16820 Black Rock Road, Germantown, MD 20874

Enter the heroic story of the Underground Railroad through a unique living history experience depicting plantation life of the enslaved in the 1850s. Explore the reconstructed-era barn, historic outbuilding, heirloom garden, heritage breed farm animals, and slave cemetery situated on 40-acres inside of Seneca Creek State Park. (Open from June -November.)
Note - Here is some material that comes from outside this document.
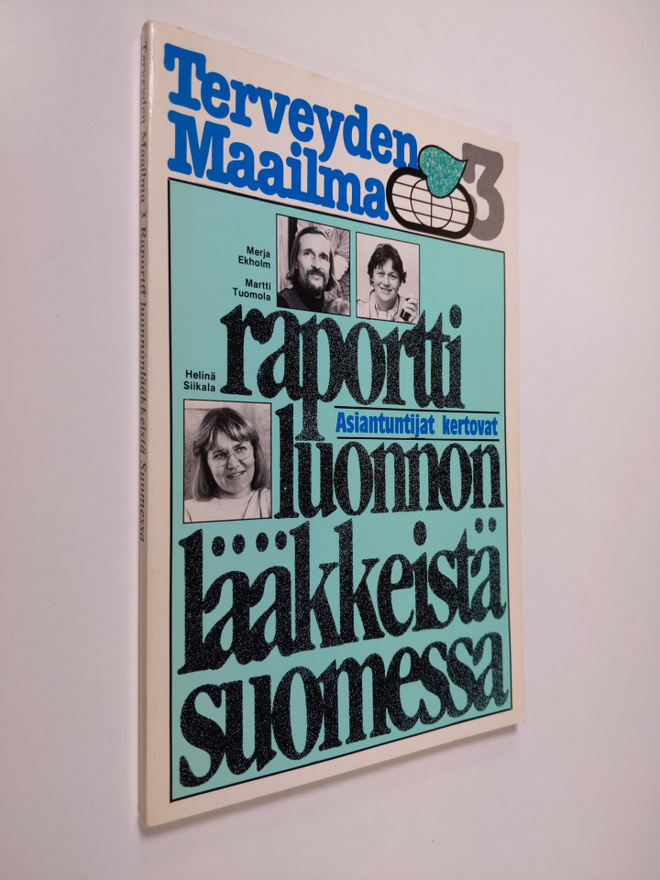 Raportti luonnonlääkkeistä Suomessa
Oakley Cabin African American Museum and Park

3610 Brookeville Road, Brookeville, MD 20833

Step inside Oakley Cabin and immerse yourself in the history of those who have lived there. The main room on the ground floor wraps around an open hearth, and in a small adjoining room, where you’ll find 19th-century tools and artifacts excavated during archaeological digs around the park’s grounds. The grounds and trail is open year round, sunrise to sunset. To view inside the cabin, free guided museum tours occur on the 2nd and 4th Saturdays in April – October from 12:00 pm – 4:00 pm.

Boyd’s Negro School

19510 White Ground Road, Boyds, MD 20841

Renovated and restored to its appearance in 1900, this one-room schoolhouse served students in grades 1-8, many of whom walked for miles to attend. You’ll find desks, a blackboard and an authentic potbelly stove, as well as literature about African American education in Montgomery County. (Open by appointment and also on the last Sunday of each month from 2:00 – 4:00 pm from April to November.)

Josiah Henson Park

Discover the remarkable story of Reverend Josiah Henson, whose 1849 autobiography inspired Harriet Beecher Stowe’s abolitionist novel, Uncle Tom’s Cabin. This internationally significant historic site is the place where Henson lived and worked as a slave from 1795 to 1830 and became the backdrop for his memoir. It is here that the story of slavery in Maryland can be told from Henson’s first-person experience. (Park is closed until further notice, to begin construction on the future Museum & Education Center.)